Subsequent postings included Mauritius, Trinidad and the island of Saint Helena, where he continued to have trouble with local officials. From Saint Helena, he returned to England without official leave. Barry told his annoyed superior that he had come back for a haircut. Again Barry survived where others would have been imprisoned or dishonourably discharged, and he served in Malta, Corfu, the Crimea (where he insulted Florence Nightingale), Jamaica and Canada. In Montreal, he was a magnificent sight in winter, wearing musk ox robes and being driven in a sleigh by two footmen.

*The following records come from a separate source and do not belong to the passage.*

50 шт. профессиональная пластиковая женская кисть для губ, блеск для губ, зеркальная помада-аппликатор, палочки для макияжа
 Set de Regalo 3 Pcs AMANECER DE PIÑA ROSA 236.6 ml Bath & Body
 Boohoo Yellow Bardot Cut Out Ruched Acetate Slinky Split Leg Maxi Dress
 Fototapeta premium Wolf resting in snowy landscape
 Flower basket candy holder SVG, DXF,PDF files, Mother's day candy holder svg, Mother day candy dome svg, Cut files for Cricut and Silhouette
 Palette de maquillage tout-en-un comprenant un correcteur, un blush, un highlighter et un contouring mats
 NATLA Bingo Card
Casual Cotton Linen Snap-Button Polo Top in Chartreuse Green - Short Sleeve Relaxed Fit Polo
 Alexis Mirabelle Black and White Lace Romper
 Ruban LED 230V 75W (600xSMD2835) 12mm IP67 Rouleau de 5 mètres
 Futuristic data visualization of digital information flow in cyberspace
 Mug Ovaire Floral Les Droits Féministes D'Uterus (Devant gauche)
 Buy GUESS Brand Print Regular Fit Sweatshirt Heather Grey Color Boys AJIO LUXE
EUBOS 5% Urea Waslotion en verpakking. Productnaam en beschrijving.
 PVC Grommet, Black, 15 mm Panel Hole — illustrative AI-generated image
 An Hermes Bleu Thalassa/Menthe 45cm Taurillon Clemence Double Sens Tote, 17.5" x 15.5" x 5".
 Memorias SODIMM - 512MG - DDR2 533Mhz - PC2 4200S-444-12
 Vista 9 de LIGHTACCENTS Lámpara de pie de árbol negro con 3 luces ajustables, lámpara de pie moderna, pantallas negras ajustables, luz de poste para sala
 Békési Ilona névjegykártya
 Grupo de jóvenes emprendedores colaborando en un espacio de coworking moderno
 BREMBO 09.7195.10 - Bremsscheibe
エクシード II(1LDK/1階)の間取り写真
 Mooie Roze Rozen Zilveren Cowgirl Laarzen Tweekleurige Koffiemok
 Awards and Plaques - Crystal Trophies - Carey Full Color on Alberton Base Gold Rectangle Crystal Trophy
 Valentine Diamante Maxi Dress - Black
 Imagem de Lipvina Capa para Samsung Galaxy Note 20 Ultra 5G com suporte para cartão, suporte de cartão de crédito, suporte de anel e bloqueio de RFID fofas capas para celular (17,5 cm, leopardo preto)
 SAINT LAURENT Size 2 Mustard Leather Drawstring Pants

He had reached the rank of Inspector General, H.M. Army Hospitals, at the head of the army lists for that branch. No military doctor could reach a higher rank.
In 1864, Barry retired. He returned to England, still with a black manservant and a poodle called Psyche. The daughters of Lord Somerset called on him, and took him for carriage rides.
In 1865, Barry died. One newspaper account stated that he had died in Corfu, but this must have been an error. A doctor signed the death certificate without realising that Dr. Barry was a woman. A charwoman who laid out the body was more observant. The manservant, John, may have been Dr. Barry's close confidante, as every day he brought her the six clean towels which she used to disguise her shape. A story arose that a post mortem revealed that Dr. Barry had been a mother, but this appears to be untrue, and there probably was no post mortem. Dr. Barry was buried in Kensal Rise cemetery, London, with 'his' name and rank on the gravestone. Friends of Dr. Barry arranged John's passage to Jamaica.
Some believe that Dr. Barry went to Africa to follow a surgeon with whom she was in love. Lawrence Green believed that this was one Andrew Smith, founder of the South African Museum and later knighted. Again, there is no proof.
About six weeks after Barry's death, the news reached South Africa. Of course, after the event, many people claimed to have known her secret all along.
Sometimes, Dr. Barry's middle name is given as "Miranda". I doubt that she used a middle initial, let alone a girl's name. Perhaps the story arose out of the similarity of Dr. Barry's name to that of James M. Barrie, author of Peter Pan, whose middle name was Matthew. It is possible, however, that her real name was Miranda Stuart.
In 1951, Lawrence Green asserted that Cape Town's nursemaids still told children "Old
Dr. Barry's ghost will get you if you stay out late." Bearing in mind Antjie Somers, this seems
to indicate a peculiar fear of transvestites, of both sexes.